La vera impresa del giovedì, comunque, porta la firma del vecchio cuore Toro, capace di battere forte anche in quella Bilbao che nessuna squadra italiana aveva mai profanato. E qui le premesse per un felice esito non c’erano proprio: il 2-2 dell’Olimpico, infatti, non faceva presagire nulla di buono. Ma gli uomini di Ventura hanno sfoggiato la loro miglior prestazione stagionale giocando senza alcun timore reverenziale di fronte ad un pur arrembante Athletic.

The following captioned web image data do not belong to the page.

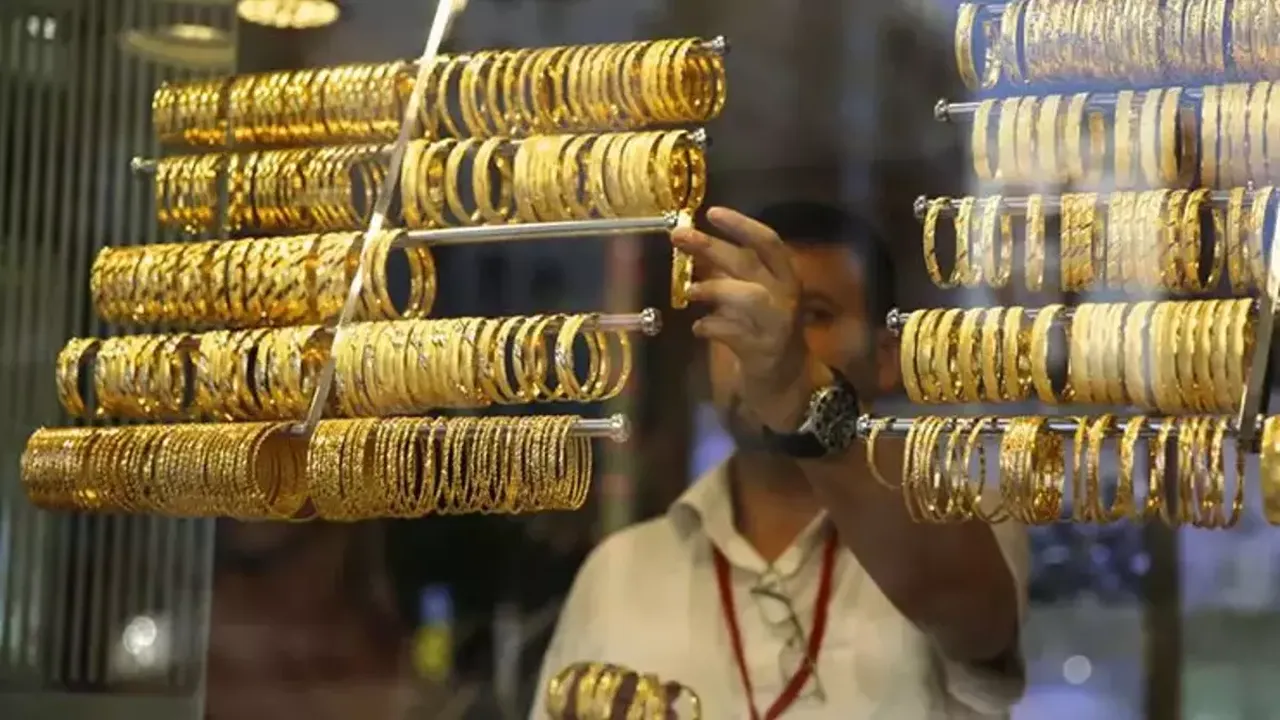 1 Ocak kuyumcular açık mı, kapalı mı?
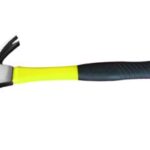 Import HANDLE: HD-HN2039 from chinese wholesale supplier and manufacturer
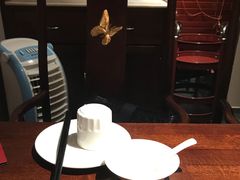 -蝶苑(吴江路店)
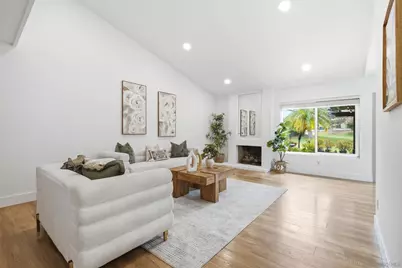  12977 Camino Emparrado, San Diego, CA 92128 - Photo 8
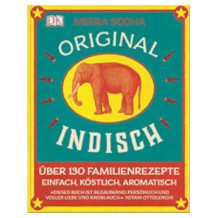 Dorling Kindersley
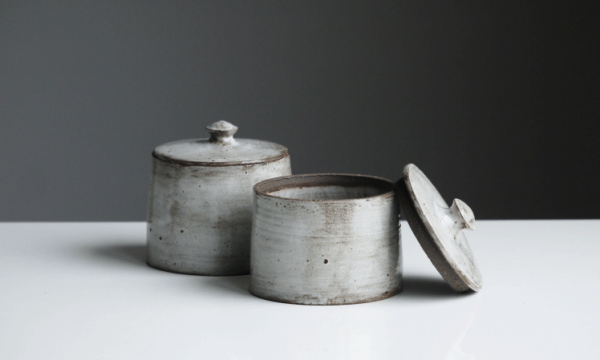 توسعه شخصیت شما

Ne è scaturita una partita ad altissimo ritmo e dagli elevati contenuti spettacolari. Laddove altri avrebbero risposto all’aggressività basca con una difesa ad oltranza, i granata hanno avuto il merito di rispondere colpo su colpo. Il 3-2 finale porta la firma di Quagliarella (su rigore), Maxi Lòpez e di un Darmian, insolitamente efficace anche sotto misura. Una notte da incorniciare.
Un capitolo a parte lo merita la Roma, impegnata a Rotterdam in una notte in cui è accaduto veramente di tutto. Compreso il ritorno al successo degli uomini di Garcia, ormai da tempo avvezzi a mancare il risultato pieno. I tanto temuti incidenti non ci sono stati (un solo tifoso romanista è stato arrestato e, viste le premesse, è anche andata bene), ma il pubblico del Feyenoord ha trovato comunque modo di “esprimere” la propria esuberanza all’interno del De Kuip, prima provocando Gervinho con ululati e la solita banana gonfiabile e poi prendendo di mira il direttore di gara, il francese Tupin, reo di aver esagerato nello sventolare il rosso sotto il naso dell’attonito Te Vrede, già in evidente imbarazzo nel dover rilevare il compagno di linea Kazim Richards, l’autore del pari all’andata, infortunatosi a metà primo tempo. Dagli spalti è piovuto di tutto, ombrelli compresi. Inevitabile, la sospensione dopo che Tupin aveva già avvertito il caldo pubblico di casa. Non il clima ideale per una partita di tale importanza ma era prevedibile. Un ulteriore merito della Roma, quello di aver saputo gestire, anche se con qualche sbavatura di troppo, una situazione ambientale incandescente a dispetto della pioggia battente.
Sotto il profilo tecnico, che la Roma fosse superiore al Feyenoord era cosa risaputa, nonostante l’1-1 dell’Olimpico, ma l’inizio dei giallorossi non era stato dei migliori, in palese sofferenza di fronte al pressing asfissiante degli olandesi. Gli imbarazzi romanisti duravano però solo per dieci minuti, poi, al primo affondo, lo svarione della difesa biancorossa metteva subito in chiaro le cose: alla Roma, visti gli evidenti limiti tecnici degli olandesi già in avvio di fraseggio, sarebbe stato sufficiente avanzare il baricentro e giocare con ordine per arrivare a bussare alla porta di Vermeer. Che si apriva, però, solo in pieno recupero grazie alla battuta sotto misura di Ljajic, miglior marcatore stagionale della Roma, a quota 9 centri stagionali. La ripresa ruota attorno all’episodio dell’espulsione della punta di scorta olandese: alla ripresa del gioco, infatti, il Feyenoord tentava il tutto per tutto inserendo anche il promettente Manu che aveva un impatto immediato sulla gara, profittando di un buco centrale imbarazzante della difesa giallorossa per l’1-1 che riaccendeva le speranze della “vasca” (soprannome del De Kuip). Qui i maggiori meriti della Roma che, pur sbandando, trovava la forza per mettere il silenziatore agli entusiasmi di giocatori e tifosi olandesi: cross basso di Torosidis per Gervinho che giustiziava Vermeer da pochi passi. Da qui in poi, però, tornavano a galla anche i vecchi difetti: la squadra di Garcia perdeva campo, arretrava troppo e subiva la reazione, più d’orgoglio e di nervi che non di lucidità, della squadra di Rutten. Ma il punteggio non sarebbe più cambiato.